··· SOURCE INFORMATION

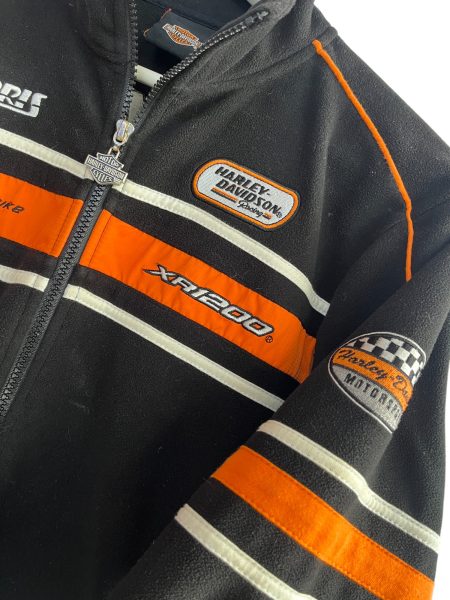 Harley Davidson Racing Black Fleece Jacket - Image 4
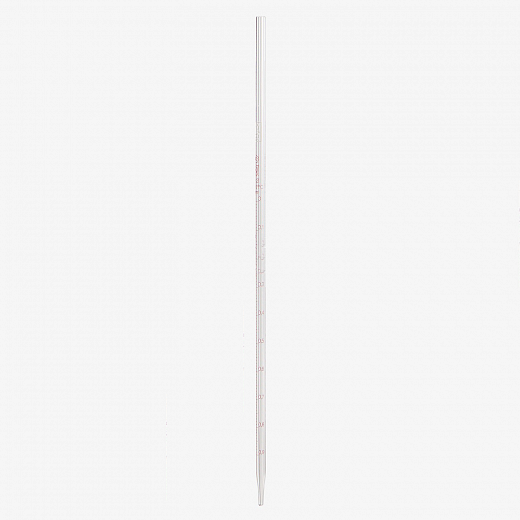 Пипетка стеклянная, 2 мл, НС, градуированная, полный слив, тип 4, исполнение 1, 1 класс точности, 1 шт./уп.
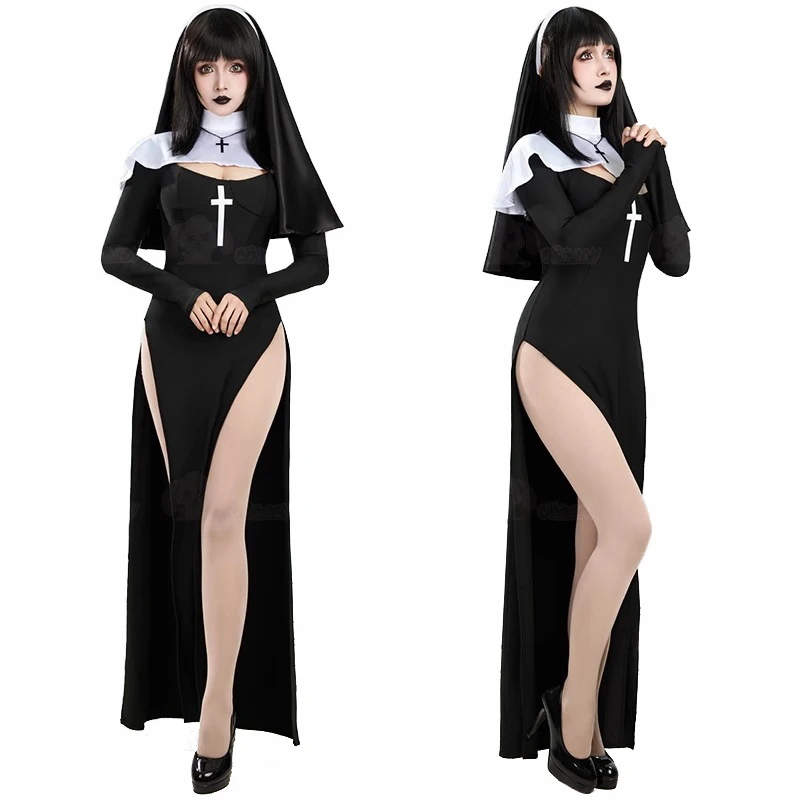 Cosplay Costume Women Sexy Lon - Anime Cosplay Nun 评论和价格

······
··· SOURCE INFORMATION

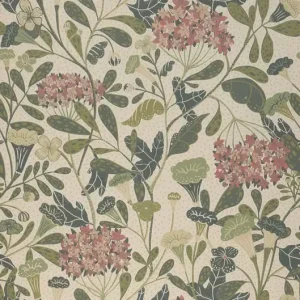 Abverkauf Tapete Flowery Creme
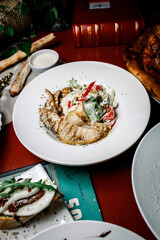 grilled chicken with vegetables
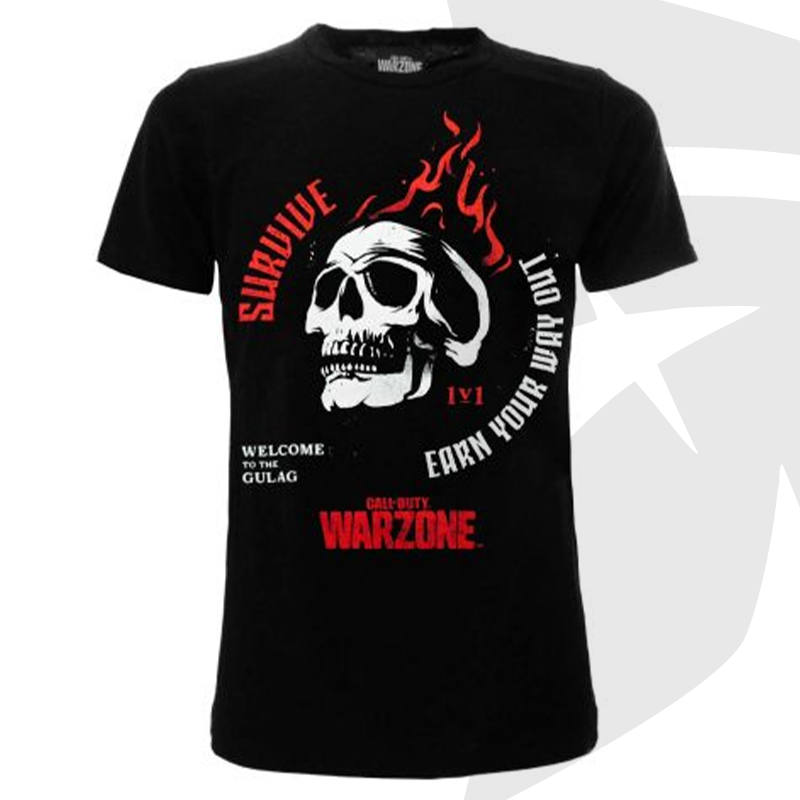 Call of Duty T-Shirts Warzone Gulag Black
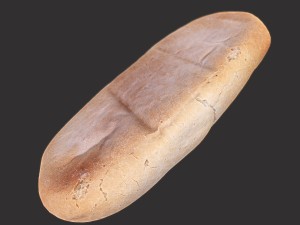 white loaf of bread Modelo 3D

······
··· SOURCE INFORMATION

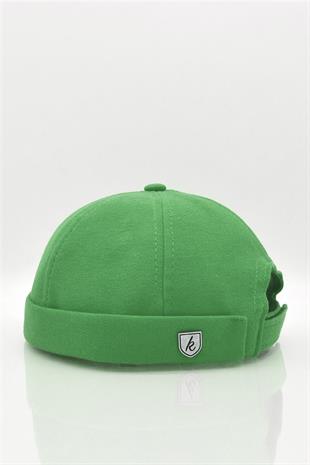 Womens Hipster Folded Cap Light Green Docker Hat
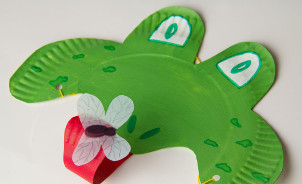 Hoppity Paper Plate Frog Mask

······

WORK REQUIRED: Return word for word the lines of the listing above, starting at the line with "Abverkauf Tapete Flowery Creme" and ending at the line with "white loaf of bread Modelo 3D", both included. Pictures do not belong in the copy.

YOUR RESPONSE:
 Abverkauf Tapete Flowery Creme
 grilled chicken with vegetables
 Call of Duty T-Shirts Warzone Gulag Black
 white loaf of bread Modelo 3D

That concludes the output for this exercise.